From mboxrd@z Thu Jan  1 00:00:00 1970
Return-Path: <linux-kernel-owner@vger.kernel.org>
Received: (majordomo@vger.kernel.org) by vger.kernel.org via listexpand
	id S1946945Ab2LFTTr (ORCPT <rfc822;w@1wt.eu>);
	Thu, 6 Dec 2012 14:19:47 -0500
Received: from hrndva-omtalb.mail.rr.com ([71.74.56.122]:30618 "EHLO
	hrndva-omtalb.mail.rr.com" rhost-flags-OK-OK-OK-OK) by vger.kernel.org
	with ESMTP id S1946899Ab2LFTTo (ORCPT
	<rfc822;linux-kernel@vger.kernel.org>);
	Thu, 6 Dec 2012 14:19:44 -0500
X-Authority-Analysis: v=2.0 cv=f9bK9ZOM c=1 sm=0 a=rXTBtCOcEpjy1lPqhTCpEQ==:17 a=mNMOxpOpBa8A:10 a=0q0mCv_Vr9gA:10 a=5SG0PmZfjMsA:10 a=Q9fys5e9bTEA:10 a=meVymXHHAAAA:8 a=lrIq2vSOvhQA:10 a=KKAkSRfTAAAA:8 a=qyRwAtYM7W7NhZJjX_kA:9 a=PUjeQqilurYA:10 a=WwgC8nHKvroA:10 a=rXTBtCOcEpjy1lPqhTCpEQ==:117
X-Cloudmark-Score: 0
X-Authenticated-User: 
X-Originating-IP: 74.67.115.198
Message-ID: <1354821581.17101.17.camel@gandalf.local.home>
Subject: Re: [PATCH] ARM: ftrace: Ensure code modifications are synchronised
 across all cpus
From: Steven Rostedt <rostedt@goodmis.org>
To: "Jon Medhurst (Tixy)" <tixy@linaro.org>
Cc: linux-arm-kernel@lists.infradead.org,
        Russell King <linux@arm.linux.org.uk>, Ingo Molnar <mingo@redhat.com>,
        Frederic Weisbecker <fweisbec@gmail.com>, Rabin Vincent <rabin@rab.in>,
        linux-kernel@vger.kernel.org
Date: Thu, 06 Dec 2012 14:19:41 -0500
In-Reply-To: <1354817466.30905.13.camel@linaro1.home>
References: <1354817466.30905.13.camel@linaro1.home>
Content-Type: text/plain; charset="ISO-8859-15"
X-Mailer: Evolution 3.4.4-1 
Mime-Version: 1.0
Content-Transfer-Encoding: 7bit
Sender: linux-kernel-owner@vger.kernel.org
List-ID: <linux-kernel.vger.kernel.org>
X-Mailing-List: linux-kernel@vger.kernel.org

On Thu, 2012-12-06 at 18:11 +0000, Jon Medhurst (Tixy) wrote:
> When the generic ftrace implementation modifies code for trace-points it
> uses stop_machine() to call ftrace_modify_all_code() on one CPU. This
> ultimately calls the ARM specific function ftrace_modify_code() which
> updates the instruction and then does flush_icache_range(). As this
> cache flushing only operates on the local CPU then other cores may end
> up executing the old instruction if it's still in their icaches.
> 
> This may or may not cause problems for the use of ftrace on kernels
> compiled for ARM instructions. However, Thumb2 instructions can straddle
> two cache lines so its possible for half the old instruction to be in
> the cache and half the new one, leading to the CPU executing garbage.

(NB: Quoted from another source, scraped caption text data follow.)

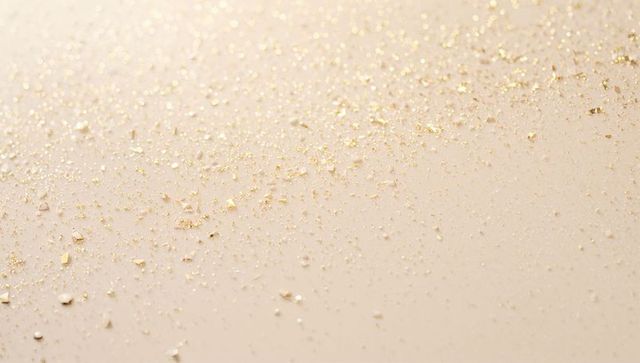 Shimmering gold leaf flakes on smooth beige surface luxury background with sparkle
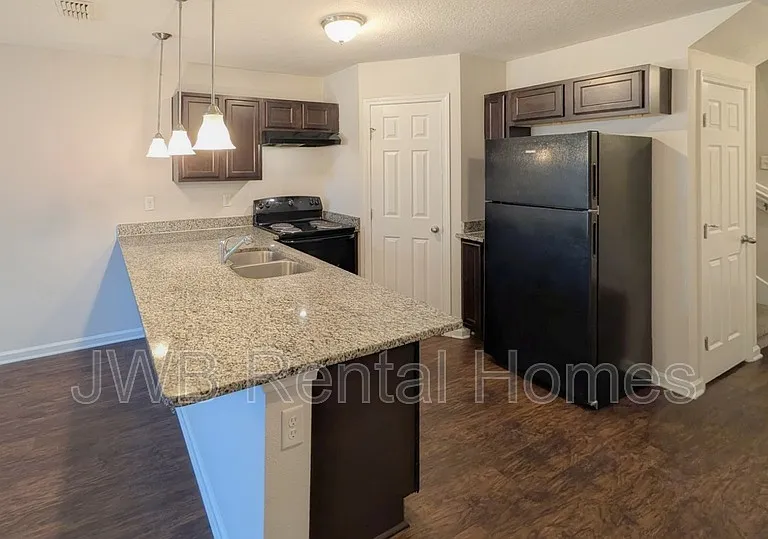8401 McGirts Village Ln — Photo 3
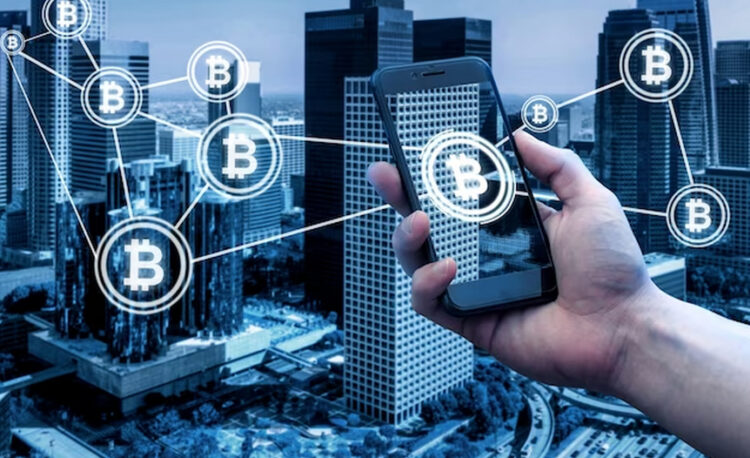Phone Held with Interconnected Bitcoin Logos Displaying City Overview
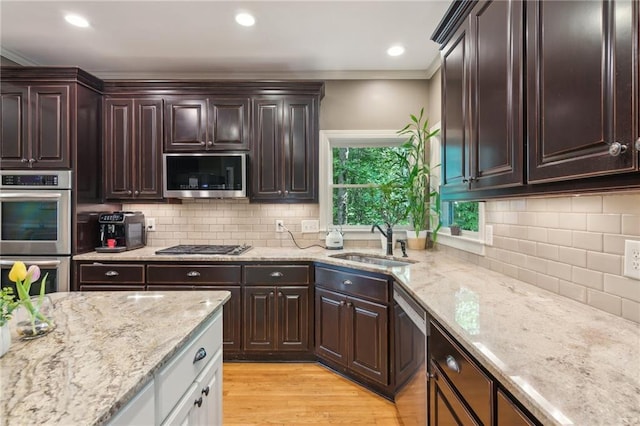 6795 Preston Glen Dr, Alpharetta, GA 30005 - kitchen with stainless steel appliances, a sink, ornamental molding, tasteful backsplash, and light stone counters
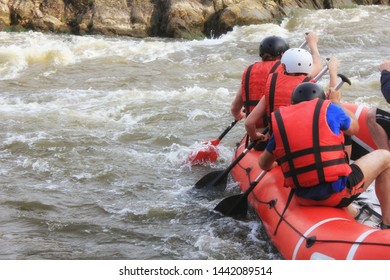 Rafting Team , Summer Extreme Water Sport.  Group Of People In A Rafting Boat, Beautiful Adrenaline Ride Down The River. Back View. POV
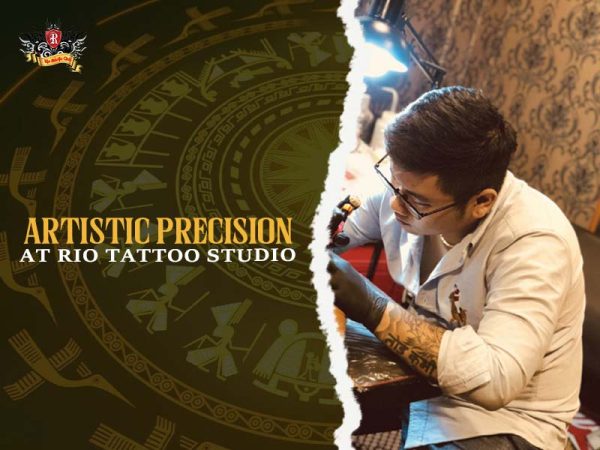 Rio Tattoo Studio artist precision tattooing snake design on arm, professional snake tattoo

Hmm, your use of "may or may not" seems as you may not know this answer.
I wonder if you can use the break point method as x86 does now, and
remove the stop machine completely. Basically this is how it works:

add sw breakpoints to all locations to modify (the bp handler just does
a nop over the instruction).

send an IPI to all CPUs to flush their icache.

Modify the non breakpoint part of the instruction with the new
instruction.

send an IPI to all CPUs to flush their icache

Replace the breakpoint with the finished instruction.

Then you don't suffer the stomp_machine() latency hit. The system will
slow a bit due to the breakpoints but there wont be a huge "halt" in the
middle of processing.

-- Steve

> 
> This patch fixes this situation by providing an arch-specific
> implementation of arch_ftrace_update_code() which ensures that after one
> core has modified all the code, the other cores invalidate their icaches
> before continuing.
> 
> Signed-off-by: Jon Medhurst <tixy@linaro.org>
> ---